Good morning. Thank you for joining us for MSC's preliminary third-quarter fiscal 2024 earnings results conference call. Erik Gershwind, our Chief Executive Officer; and Kristen Actis-Grande, our Chief Financial Officer, are both on the call with me today.
During today's call, we will refer to various preliminary financial data in the presentation that accompany our comments, which can be found on our Investor Relations webpage. Please note that the estimates announced today are subject to change based on the completion of the company's quarter-end review process.
Let me reference our Safe Harbor statement, a summary of which is on slide 2 of today's presentation. Our comments on this call, as well as the information found on our website, contain forward-looking statements within the meaning of the US securities laws.

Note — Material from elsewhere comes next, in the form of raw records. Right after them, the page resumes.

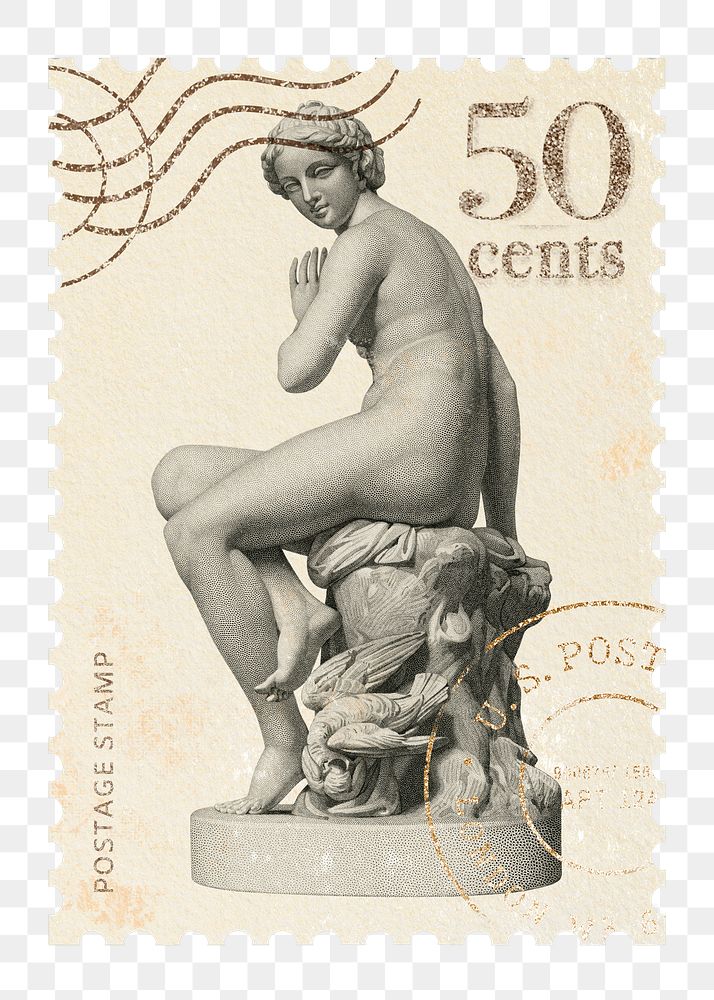 Png A Nymph Surprised postage stamp sticker, transparent background, remixed by rawpixel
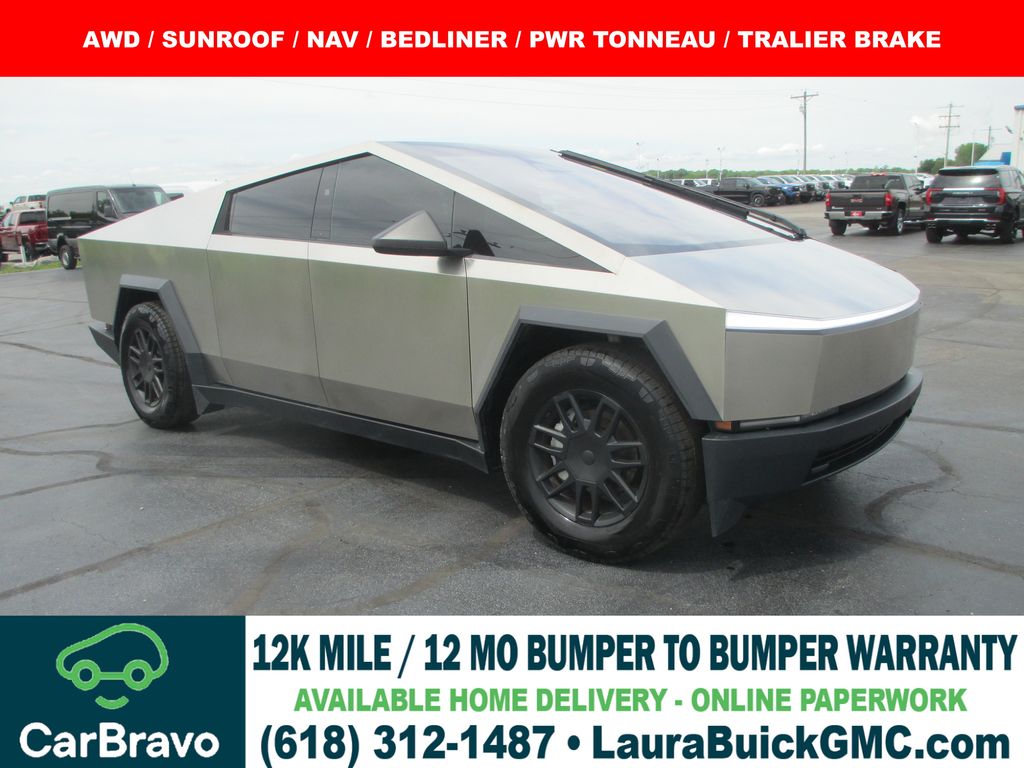 Gray (Ultra-Hard Stainless Steel) 2025 Tesla Cybertruck Crew Cab AWD Pickup Truck All-Wheel Drive 1-Speed Automatic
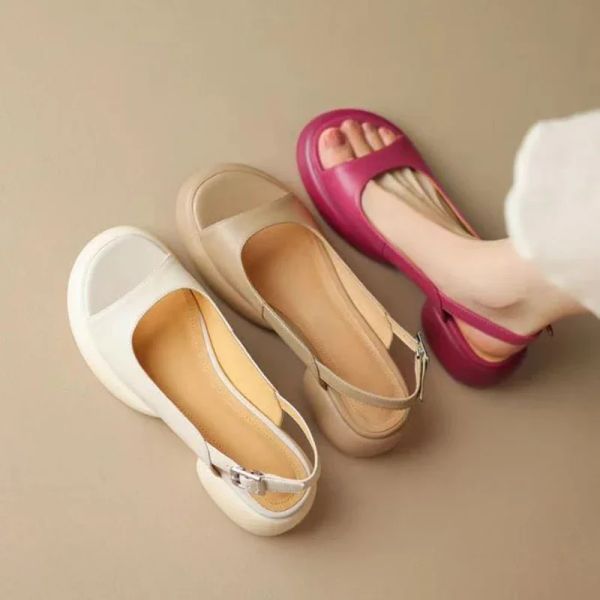 2024 Summer Platform Sandals: Women&#039;s Leather PU Open Toe Gladiator Casual Shoes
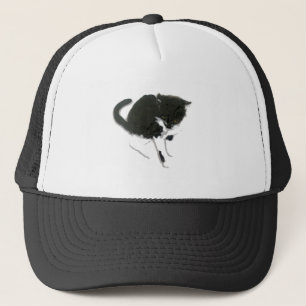 Casquette Oeuvre de chat noir et blanc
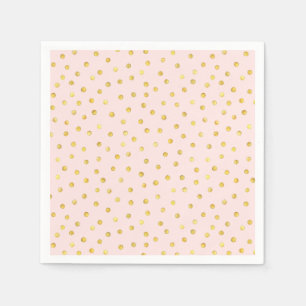 Serviette En Papier Élégant Motif Confetti Pink Et Gold Foil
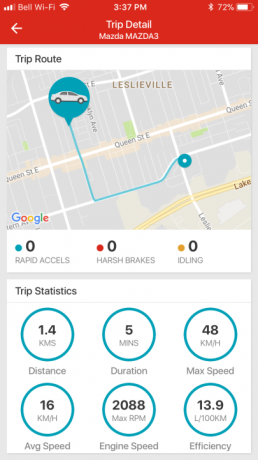 Karte der ZTE Rogers Smart Drive-App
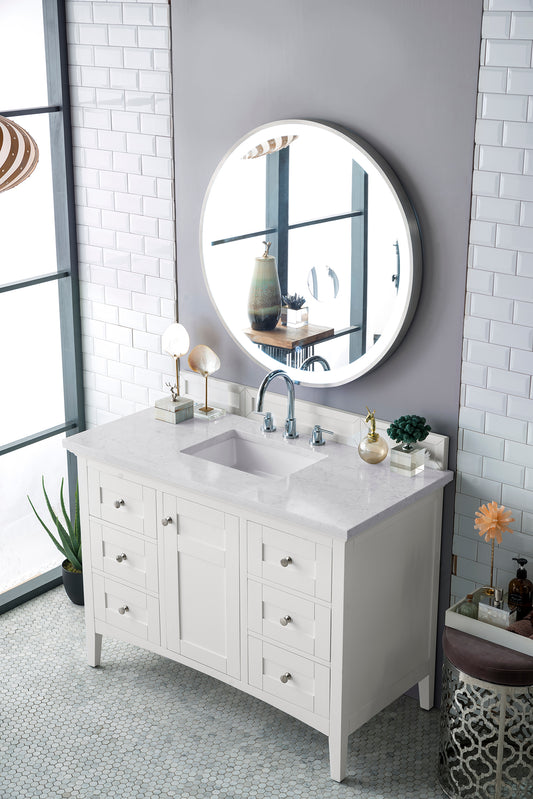 Palisades 48" Single Vanity, Bright White w/ 3 CM Eternal Jasmine Pearl Quartz Top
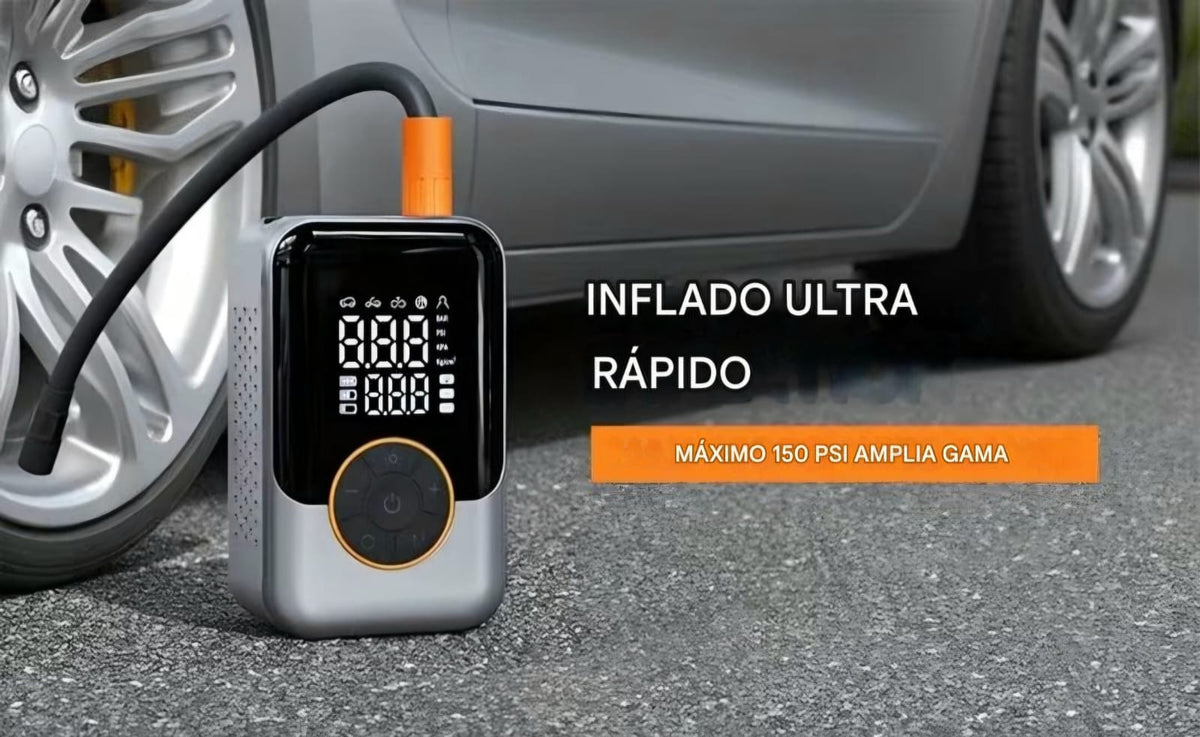 Mini Inflador de Neumaticos, Compresor de Aire Portatil con Pantalla LED, Recargable hasta 150PSI.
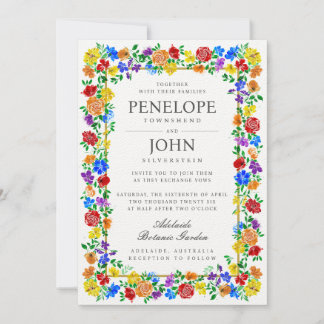 Watercolor Flower Botanical Garden Rainbow Wedding Kaart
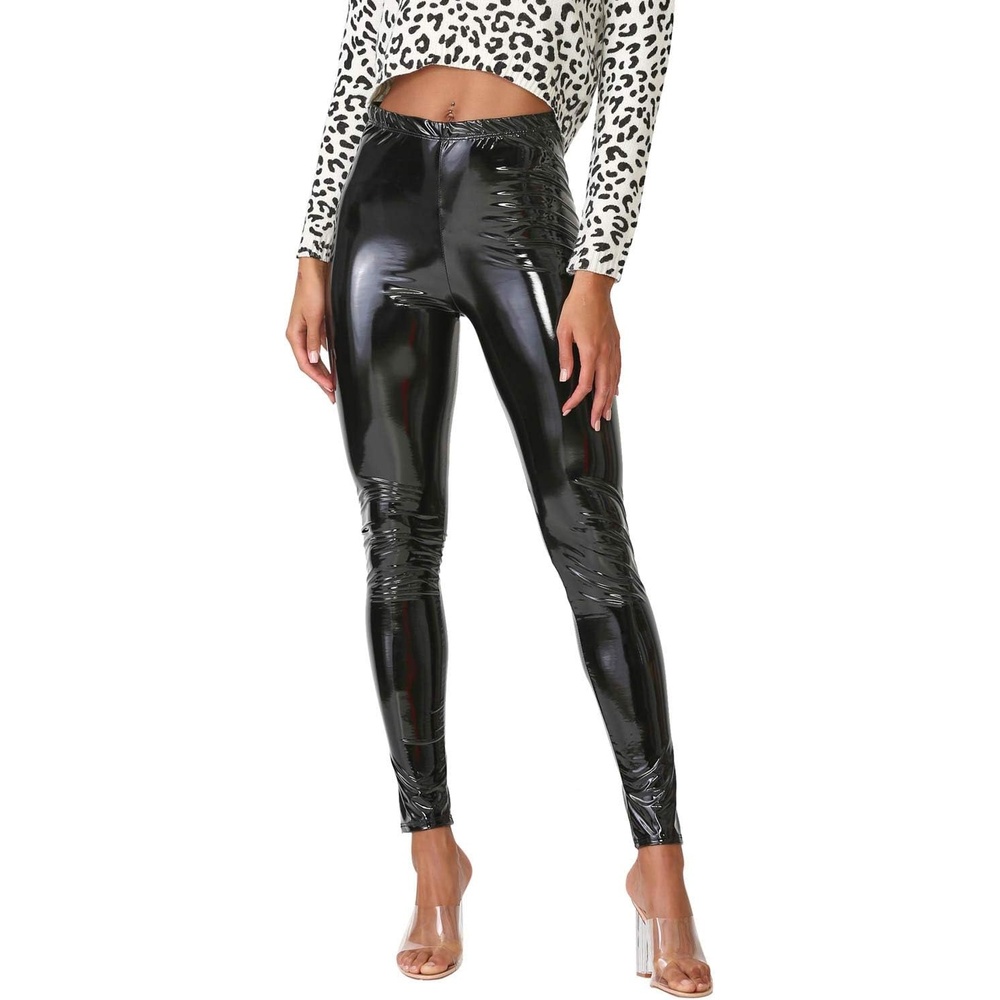 image:imageCemi Ceri Womens Basic Faux Leather LeggingsLatex Black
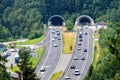 Beautiful view of mountains and entrance to autobahn tunnel near village of Werfen, Austria. Royalty Free Stock Photo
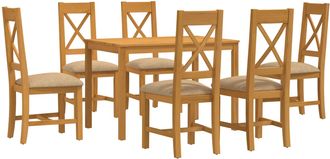 vidaXL Conjunto De Comedor 7 Uds. Beige Madera De Roble S&oacute;lido Vidaxl
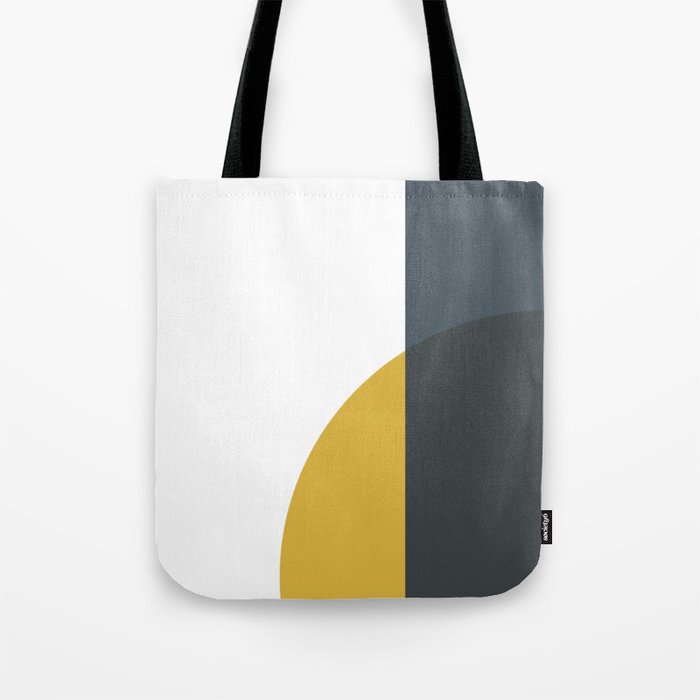Minimalist Abstract Geometric in Mustard Yellow, Navy Blue, and White Tote Bag Gallery Image 1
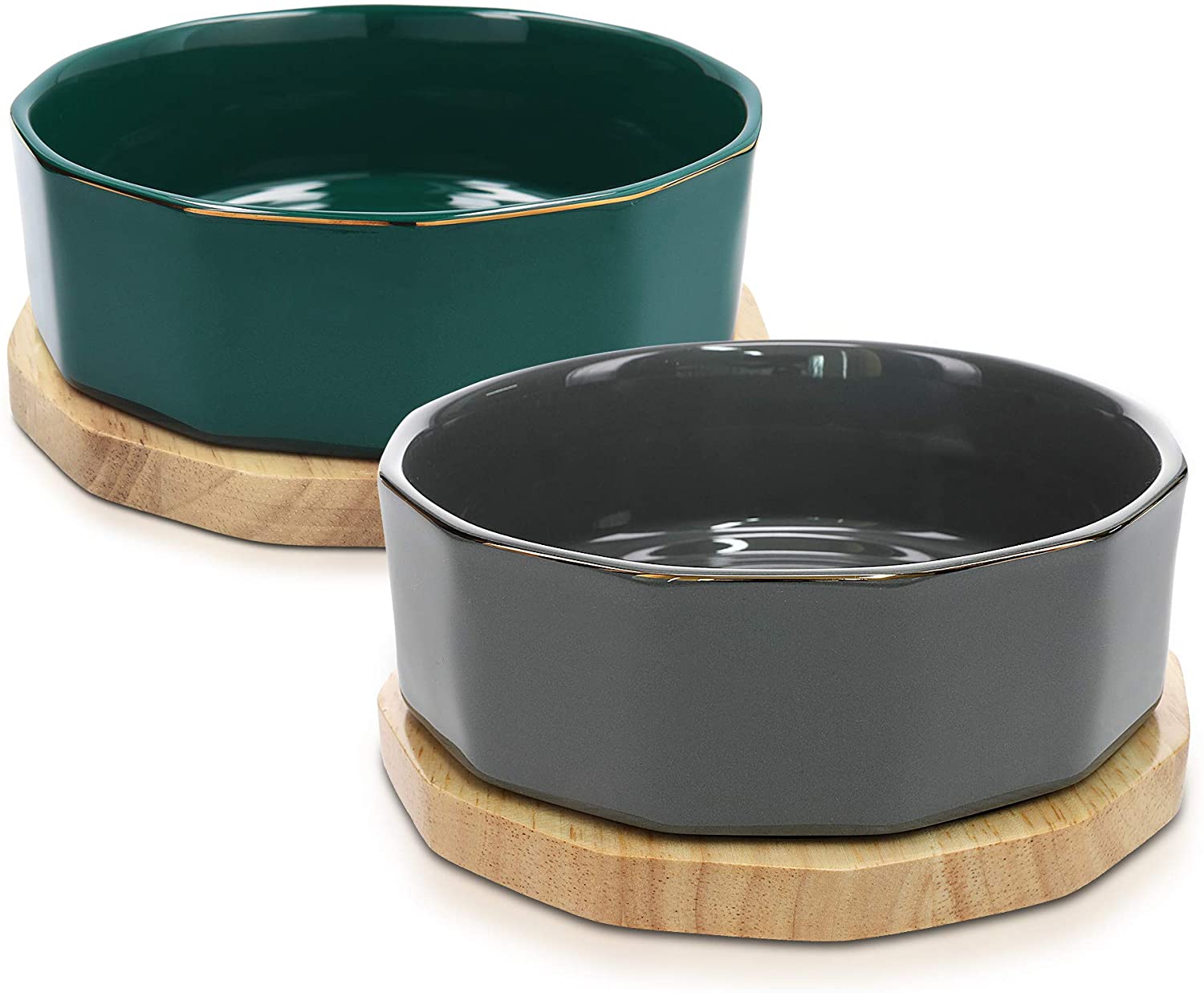 Navaris Ceramic Dog Bowls with Wood Underlay - Σετ με 2 Μπολ Φαγητού και Νερού με Βάση από Ξύλο Βελανιδιάς και Κεραμικό για Κατοικίδια - Dark Green / Gray - 50946.80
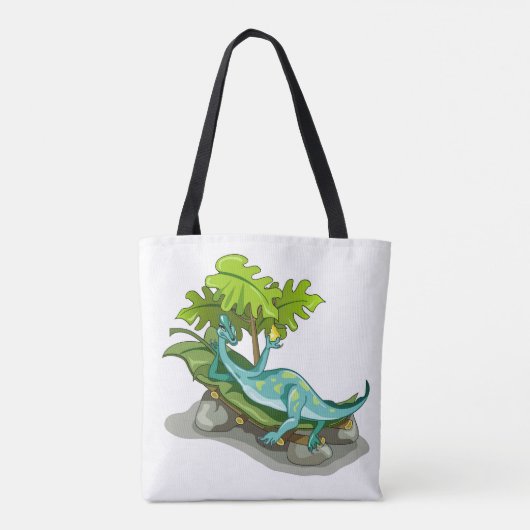 Illustratie van een Iguanodon zonnebaden. Tote Bag (Achterkant)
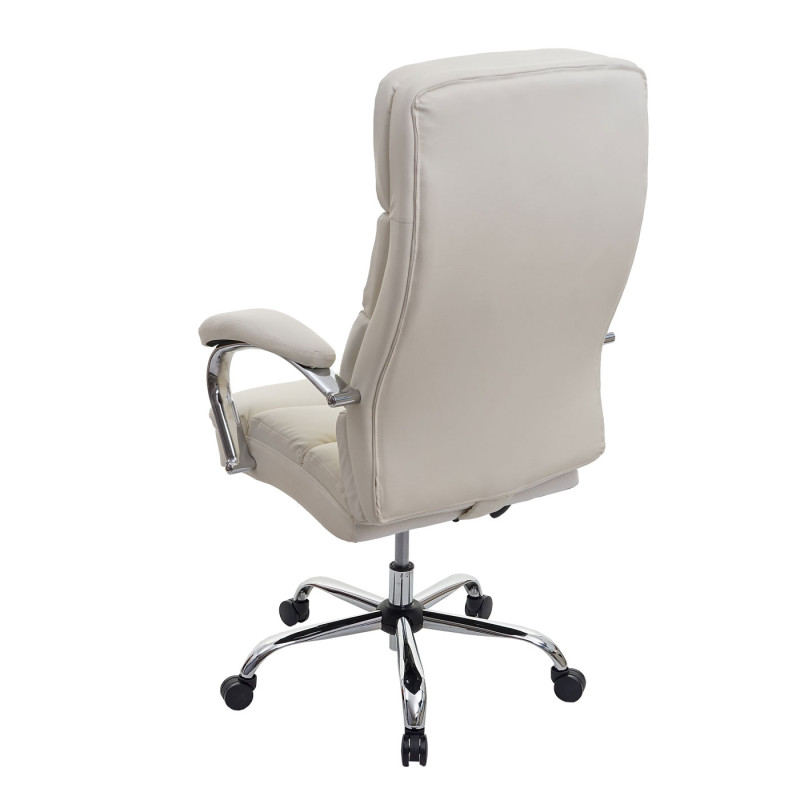 Chaise de bureau XXL chaise de bureau 220kg noyau à ressort chargeable similicuir - crème-beige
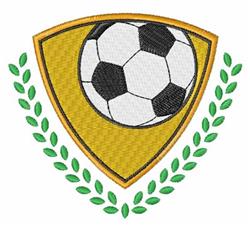 Soccer ball nestled in a golden shield, surrounded by a green laurel wreath for a bold sports feel.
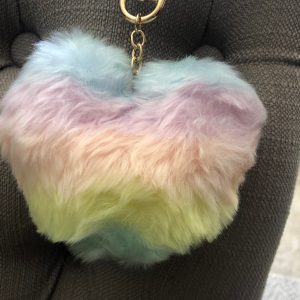 Puffy Keychain Rainbow PomPom - Image 2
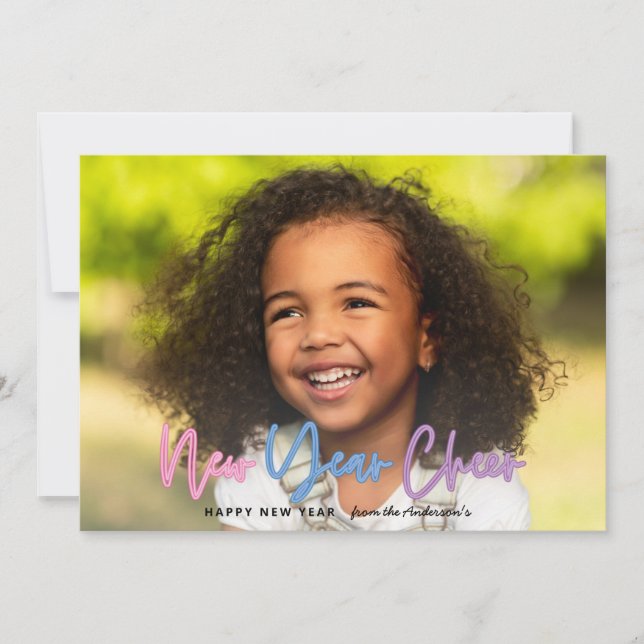 Neues Jahr Foto hell modern farbenfroh Nebel Ankündigung (Vorderseite)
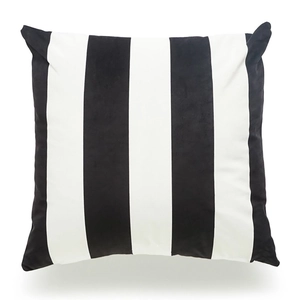 Detailed close-up of square linen pillow cover featuring classic black and white vertical stripes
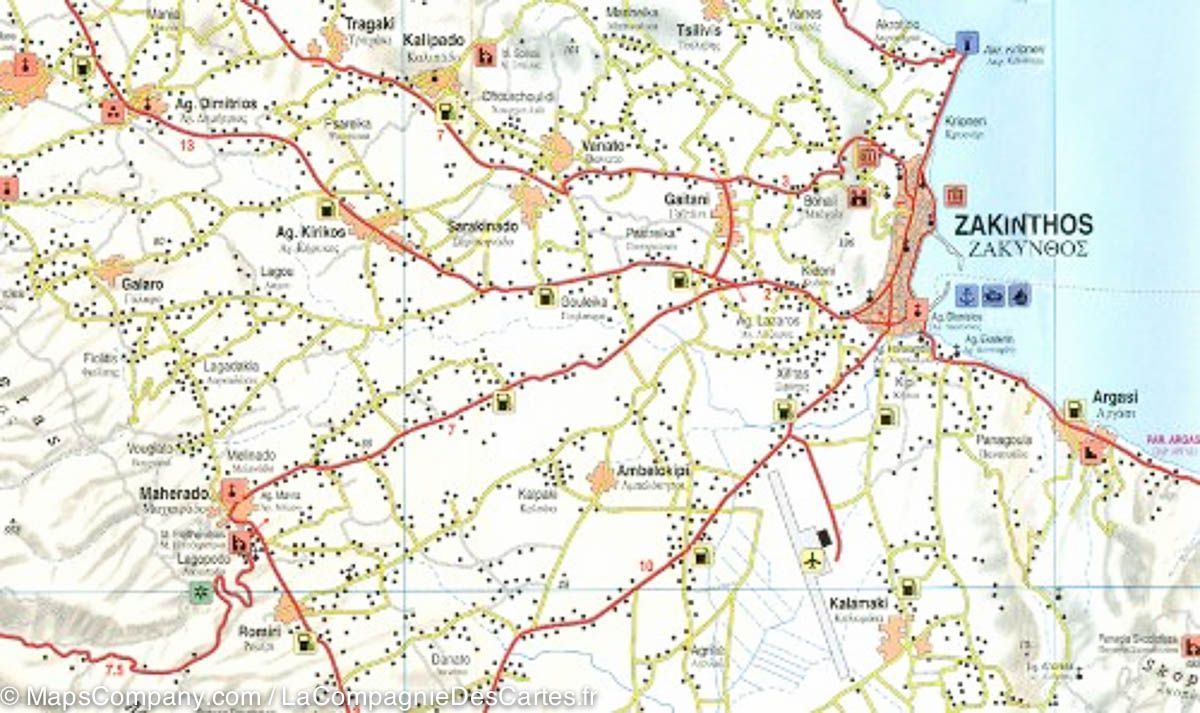 Carte détaillée - Ile de Zakinthos (Grèce) | Freytag & Berndt carte routière Freytag & Berndt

These forward-looking statements involve risks and uncertainties that could cause actual results to differ materially from those anticipated by these statements. Information about these risks is noted in our earnings press release and other SEC filings.
I'll now turn the call over to Erik.

Erik Gershwind

Thank you, Ryan, and good morning, everyone. Yesterday, after market close, we released preliminary results for the fiscal third quarter, and we updated our full-year outlook. I'll provide color on this update, and I'll then pass it over to Kristen to cover our outlook in greater detail. We'll then open up the line for questions.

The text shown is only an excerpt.